Retailing "became increasingly challenging as the 2008 calendar year progressed," said Chairman Warren Bell. "The company's strategy for these times is to strive to maintain market share, reduce costs at every level in the business, and to maintain the strength of its balance sheet."
Figures this month showed New Zealand retail sales fell a more than expected 0.8% in July, on a drop in supermarket, furniture and autos. The Treasury has predicted three quarters of recession and the central bank is expected to continue to lower the official cash rate at each opportunity through 2008.
Profit exceeded the company's July forecast of NZ$15 million. Trading for the first two months of the current financial year has been mixed. Sales in Australia rose 5% while New Zealand sales fell 11%. Overall group sales are down 9%, the company said.

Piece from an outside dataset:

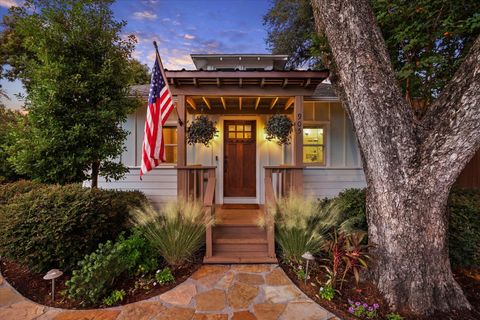 Photo of 905 Gibbs Street, Houston, TX 77009 (MLS # 48017196)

The shares traded unchanged at NZ$2.87 and have dropped about 25% this year.
Bell said tax cuts, interest rate cuts, and potential election promises may see the New Zealand retailing pick up through the end of this year. Still, the board "considers it unlikely the $9.969 tax paid profit achieved last year will be met."
He said the company is well placed to benefit from the impact of rising rents on rival retailers which may force them out of key positions in shopping malls and opening sites for Hallenstein.
"The impact of the CPI based annual rent increases that are being demanded by the major retail landlords cannot be underestimated," he said. "In some situations rents are ratcheting to unsustainable levels."
The company will pay a final dividend of 10 cents a share, making 27 cents for the year, down from 35 cents a year earlier.